[Opening Data records section]

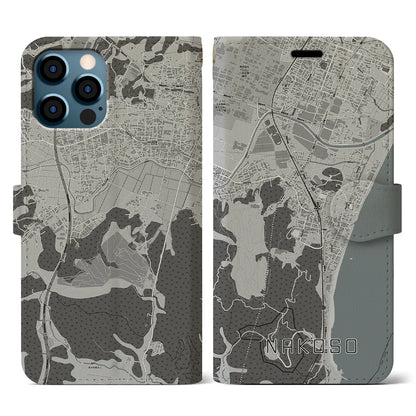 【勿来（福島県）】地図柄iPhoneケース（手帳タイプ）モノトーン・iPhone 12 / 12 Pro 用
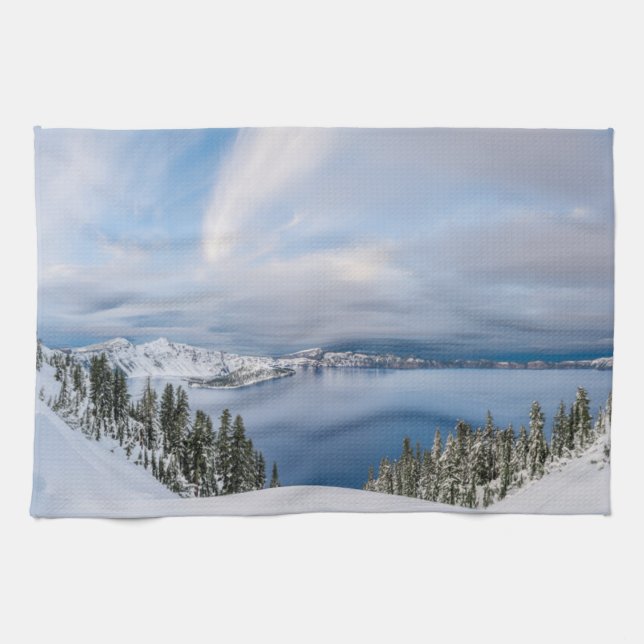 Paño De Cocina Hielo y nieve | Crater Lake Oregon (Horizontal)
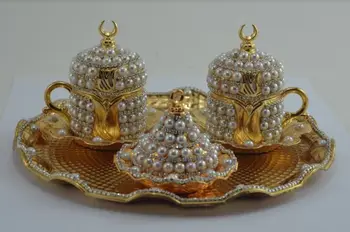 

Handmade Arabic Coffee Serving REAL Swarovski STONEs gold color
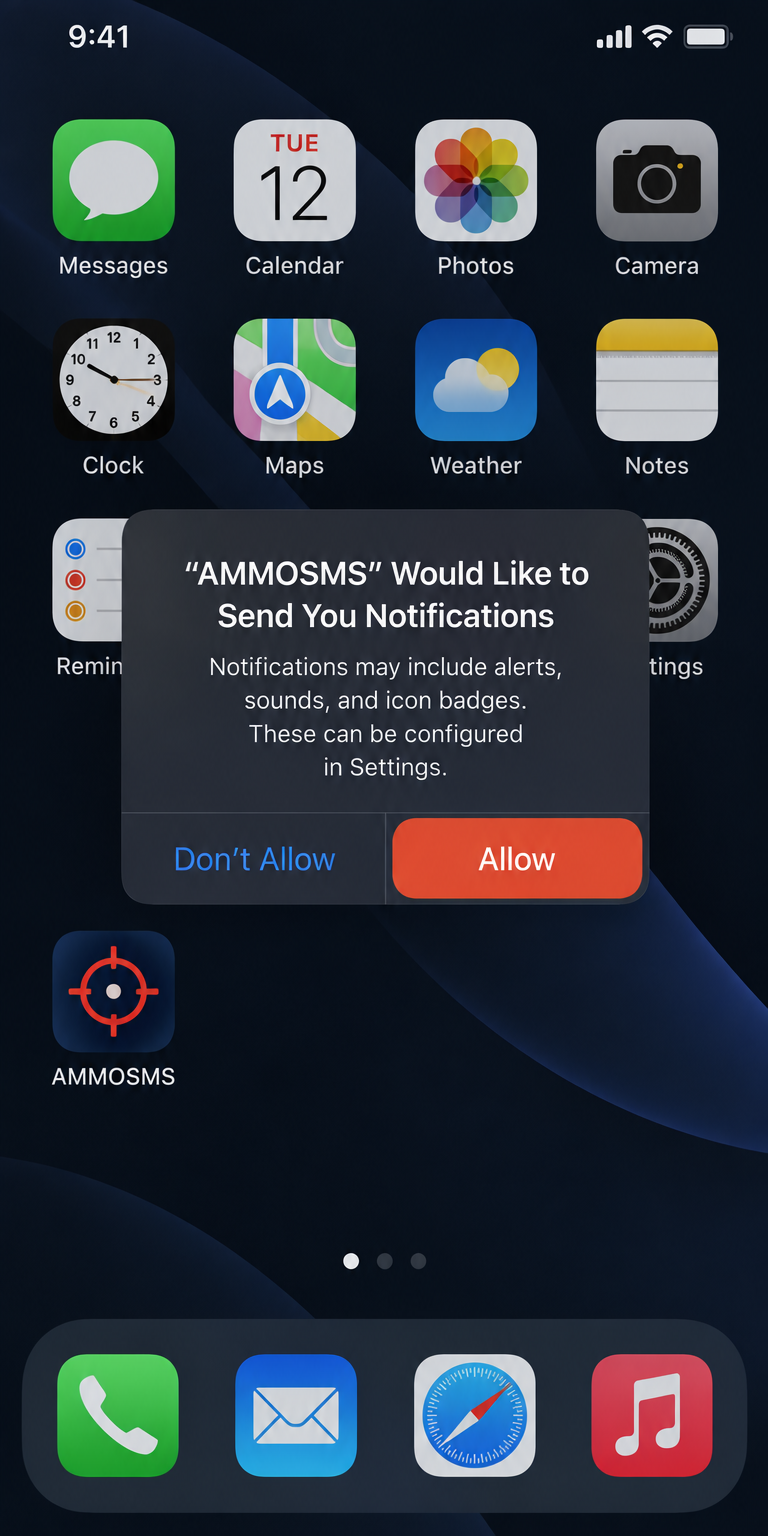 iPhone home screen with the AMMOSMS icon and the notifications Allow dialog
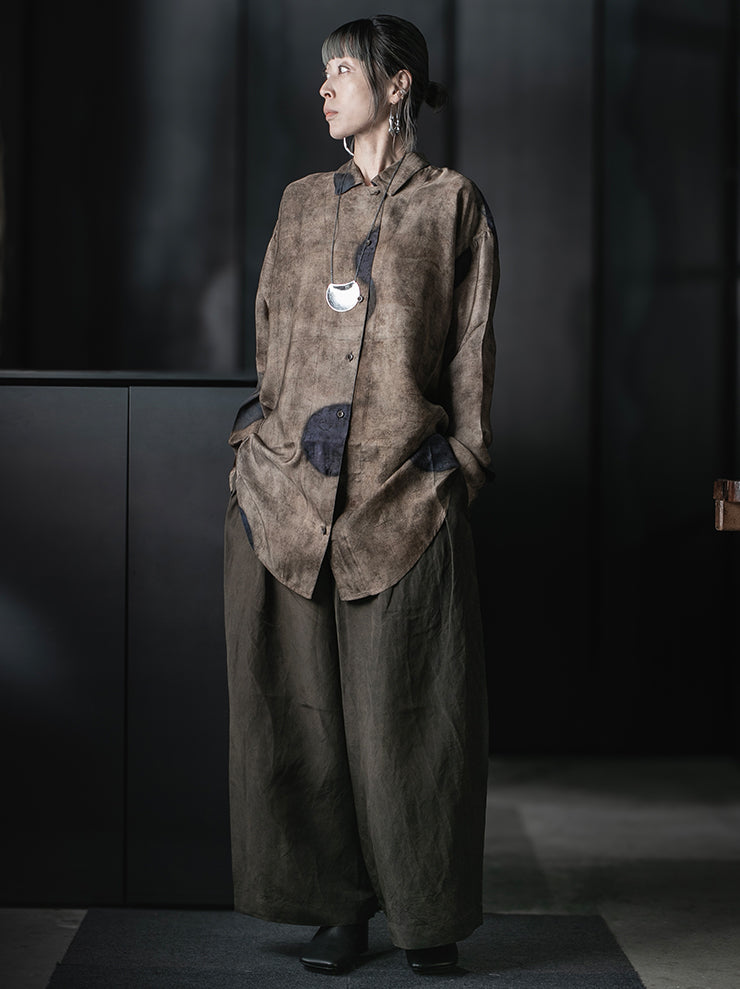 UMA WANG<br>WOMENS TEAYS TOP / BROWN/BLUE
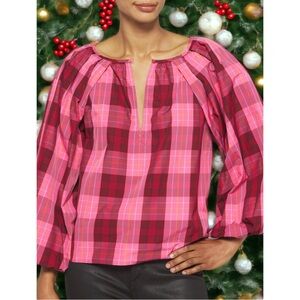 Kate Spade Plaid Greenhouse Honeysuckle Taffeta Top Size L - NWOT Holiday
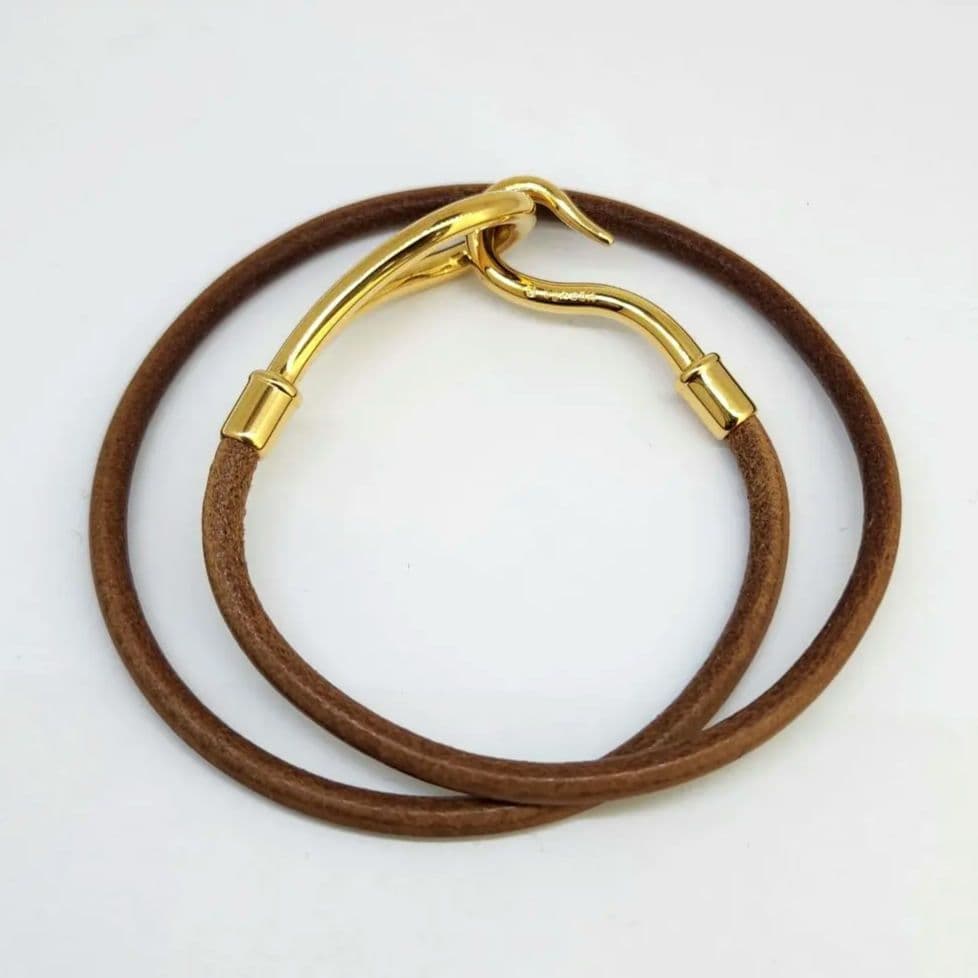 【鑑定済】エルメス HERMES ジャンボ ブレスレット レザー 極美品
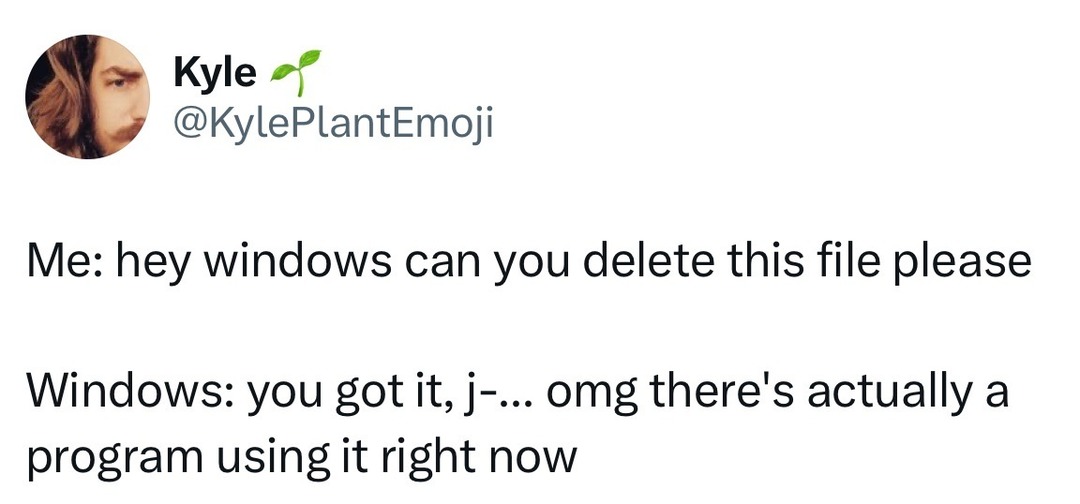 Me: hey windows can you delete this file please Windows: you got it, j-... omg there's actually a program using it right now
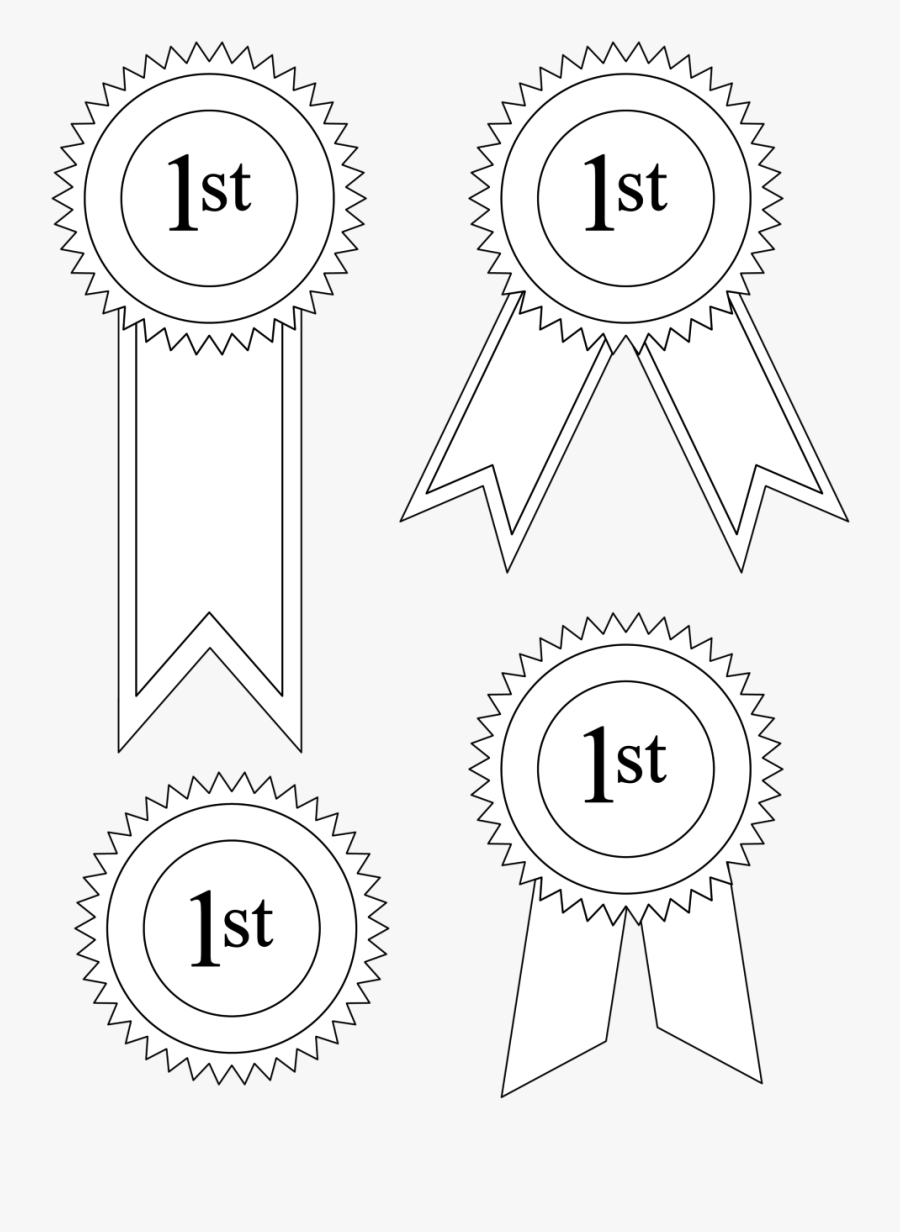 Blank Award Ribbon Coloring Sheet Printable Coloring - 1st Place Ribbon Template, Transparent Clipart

[Closing Data records section]

What do the lines above say from the line containing "Paño De Cocina" through the last line? Quote them exactly, both ends included, and leave out the pictures.

• **Completed exercise**
 Paño De Cocina Hielo y nieve | Crater Lake Oregon (Horizontal)

Handmade Arabic Coffee Serving REAL Swarovski STONEs gold color
 iPhone home screen with the AMMOSMS icon and the notifications Allow dialog
 UMA WANG<br>WOMENS TEAYS TOP / BROWN/BLUE
 Kate Spade Plaid Greenhouse Honeysuckle Taffeta Top Size L - NWOT Holiday
 【鑑定済】エルメス HERMES ジャンボ ブレスレット レザー 極美品
 Me: hey windows can you delete this file please Windows: you got it, j-... omg there's actually a program using it right now
 Blank Award Ribbon Coloring Sheet Printable Coloring - 1st Place Ribbon Template, Transparent Clipart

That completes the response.